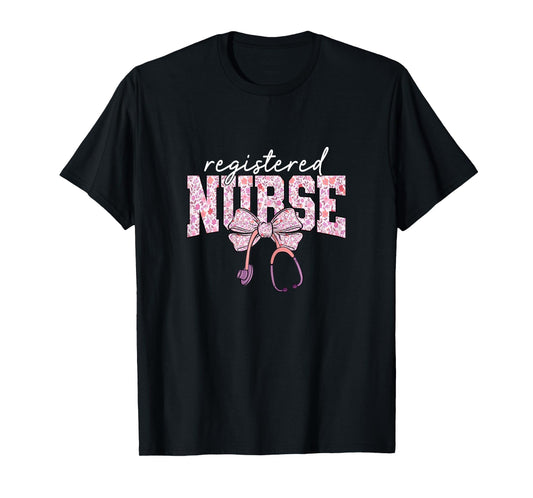 RN Nurse Floral Print Registered Nurse Nursing School Women T-Shirt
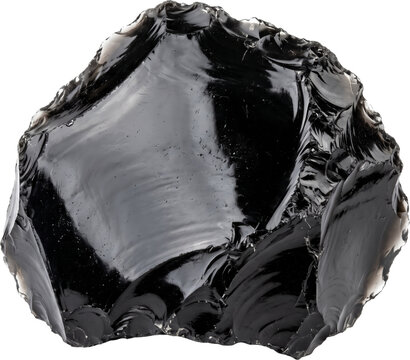 Isolated Obsidian Rock Cutout PNG on Transparent Background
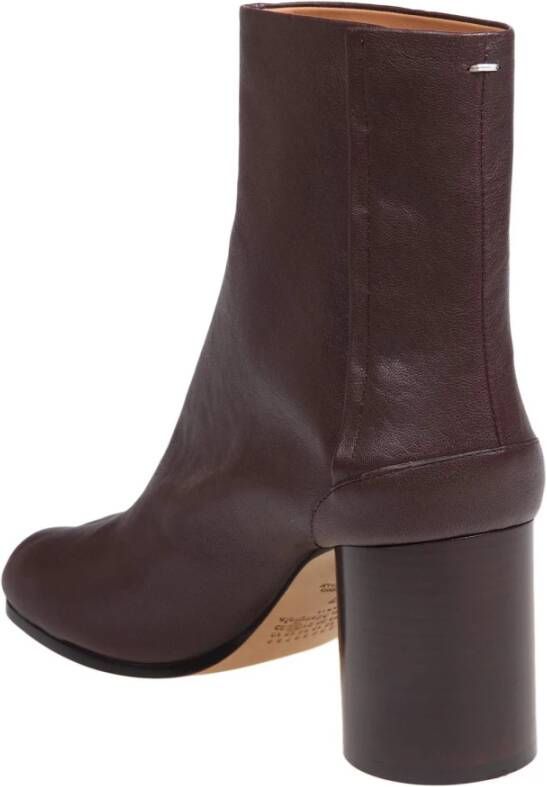 Maison Margiela Bruine Leren Enkellaarzen Ronde Neus Brown Dames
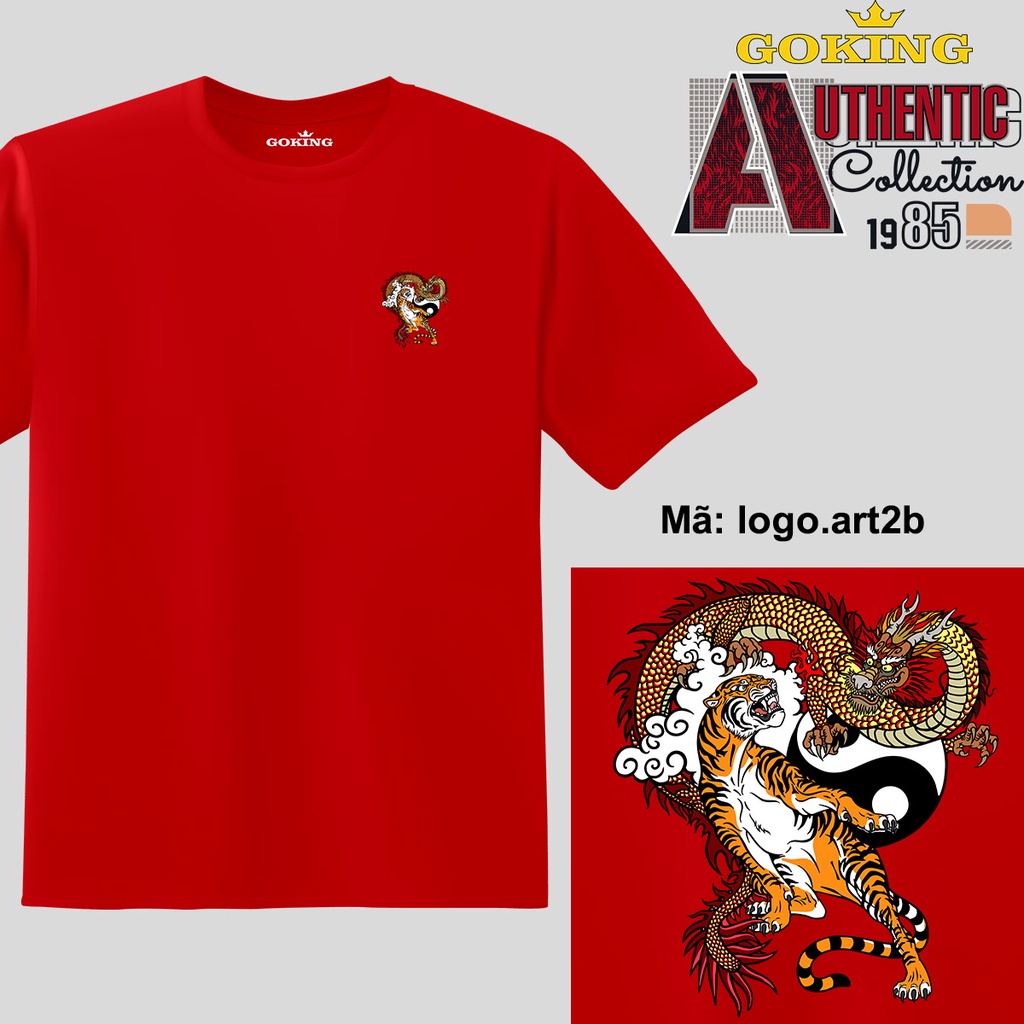 Long Hổ Tranh Đấu, mã logo-ART2B. Áo phông Goking hàng hiệu cao cấp cho nam nữ, form unisex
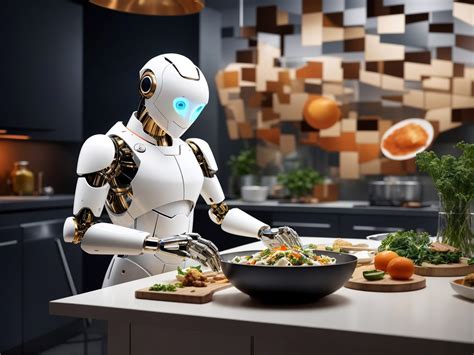 Ai Robot Cooking In A Kitchen Graphic By Comic And Cartoon Factory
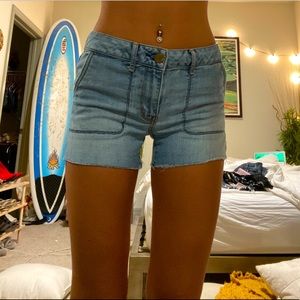 Light wash jeans mom shorts
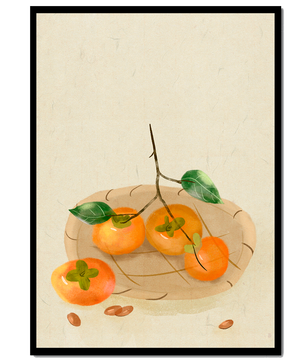 Still Life with Persimmons and Branch on a Neutral Background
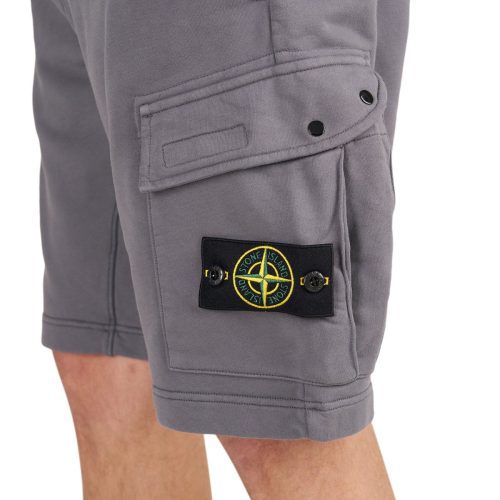 stone island cotton fleece bermuda cargo shorts grau 535251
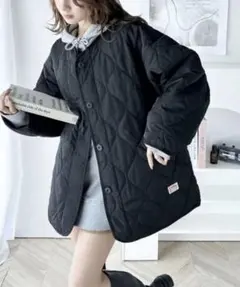 Java ノーカラー オーバーサイズ キルティング コート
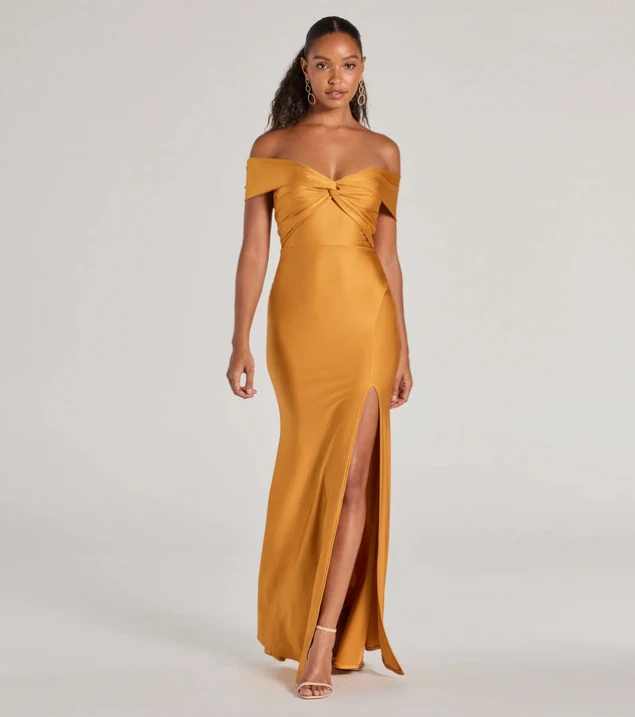 Shop Elegant Steff Off-Shoulder Mermaid Gown with Slit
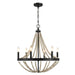 Starry Wood Chandelier | Six-Light Beaded Farmhouse Pendant Lamp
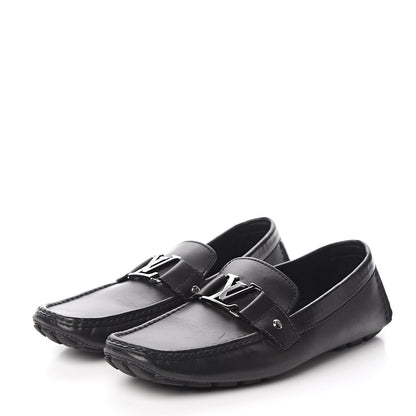 Louis Vuitton Calfskin Mens Monte Carlo Loafers 9.5 Black 3 of 8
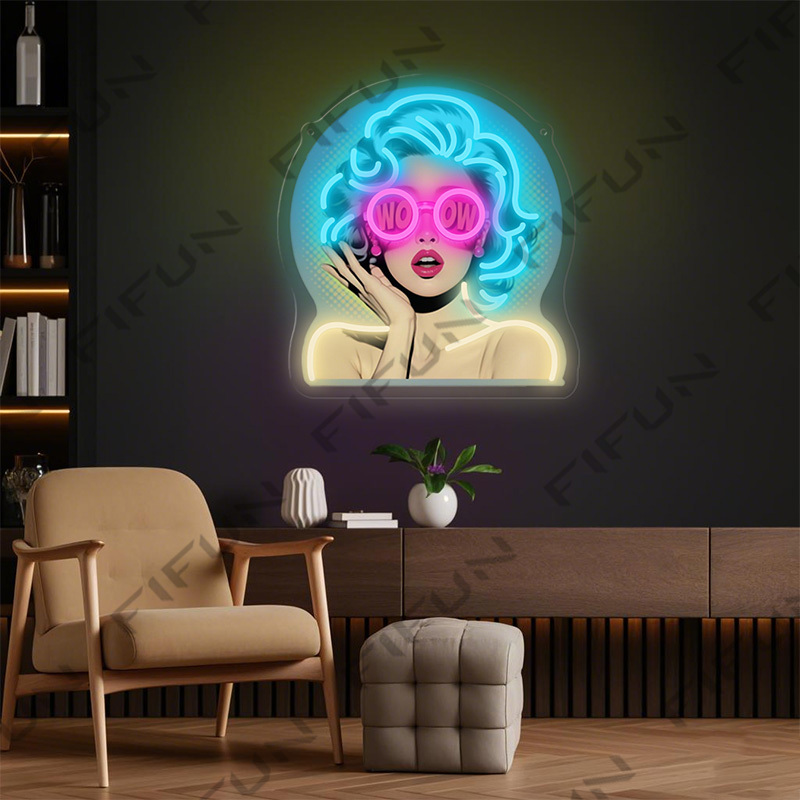 와우 컬 걸 네온사인 UV 프린팅 벽 장식, USB 전 - Commercial Wall Printing 리뷰 및 가격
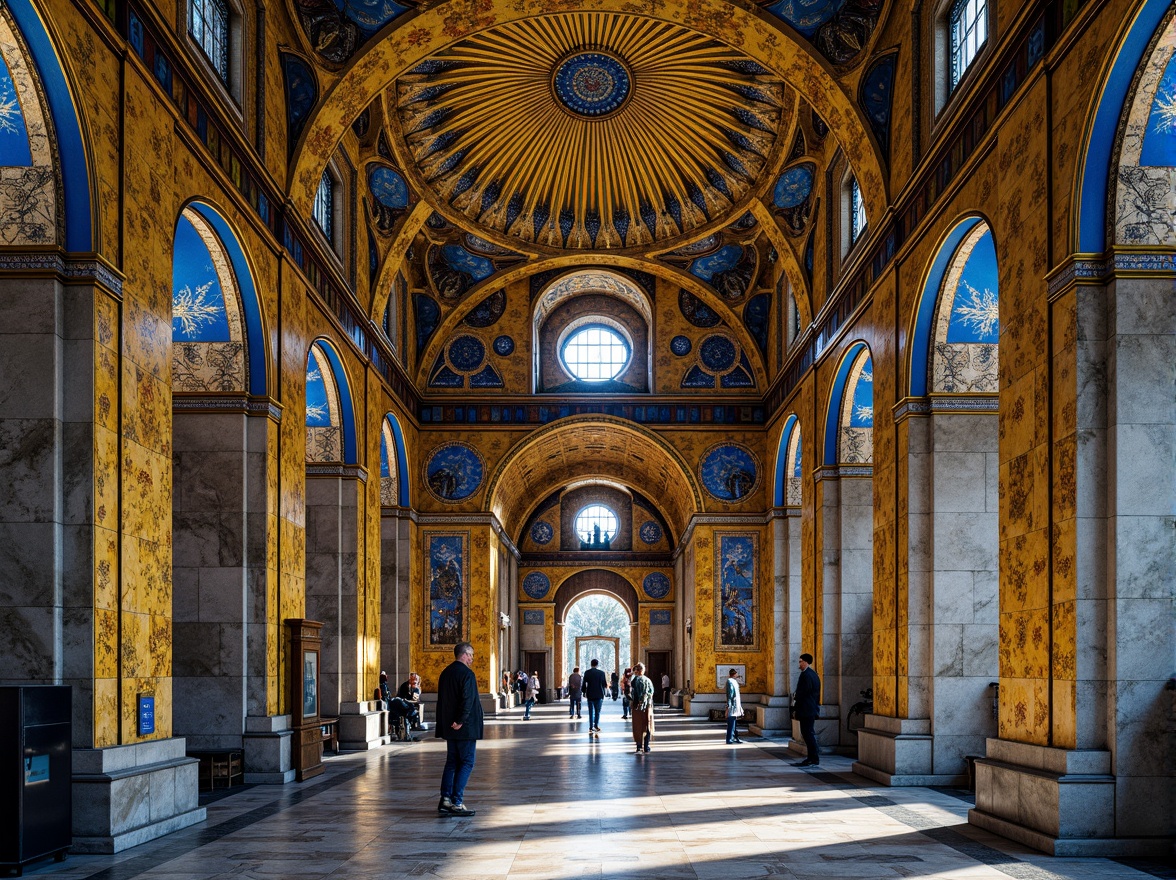 Prompt: Intricate gold mosaics, vivid blue tones, ornate patterns, Byzantine architecture, grand domes, elaborate arches, marble floors, intricate stone carvings, luxurious textiles, rich jewel tones, golden lighting, dramatic shadows, high contrast, 1/2 composition, detailed textures, ambient occlusion.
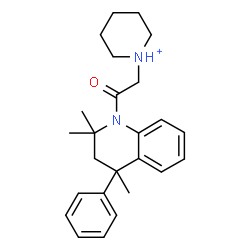ChemSpider 2D Image | 1-[2-Oxo-2-(2,2,4-trimethyl-4-phenyl-3,4-dihydro-1(2H)-quinolinyl)ethyl]piperidinium | C25H33N2O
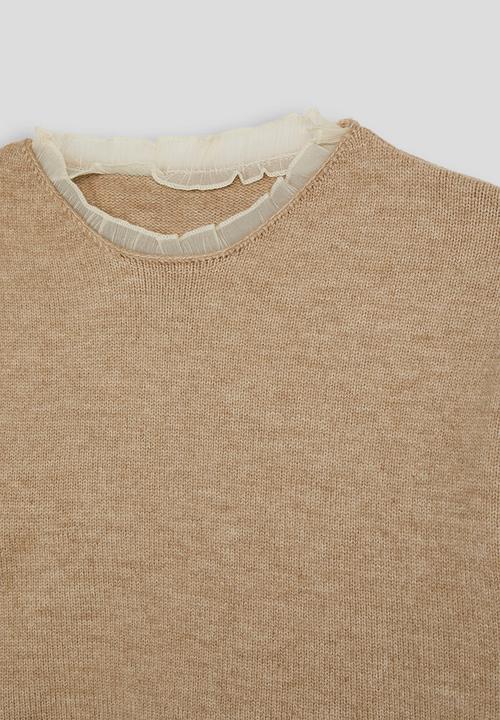 Pop Candy - Knit sweater & midi skirt set - wheat brown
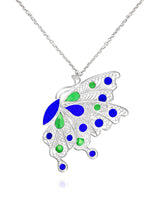 Handmade Necklace,Silver&Enamel,Butterfly Dance series - fareastjewelry
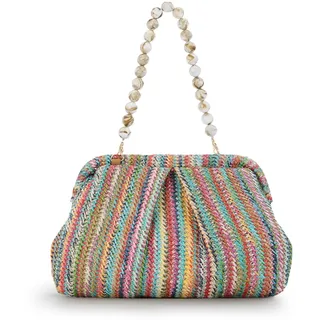 Ynport Crefreak Damen Stroh Umhängetasche Handgewebte Rattan Tragetaschen Strohhenkel Schulter Handtasche Sommer Strandtasche Clutch Geldbörse, Bunt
§
• EXERCISE DIRECTIONS: Copy exactly, and copy nothing else: the lines from the start of the data above through the line that holds "Long Hổ Tranh". The pictures stay out.

• SOLUTION FOR THIS PROBLEM:
 RN Nurse Floral Print Registered Nurse Nursing School Women T-Shirt
 Isolated Obsidian Rock Cutout PNG on Transparent Background
 Maison Margiela Bruine Leren Enkellaarzen Ronde Neus Brown Dames
 Long Hổ Tranh Đấu, mã logo-ART2B. Áo phông Goking hàng hiệu cao cấp cho nam nữ, form unisex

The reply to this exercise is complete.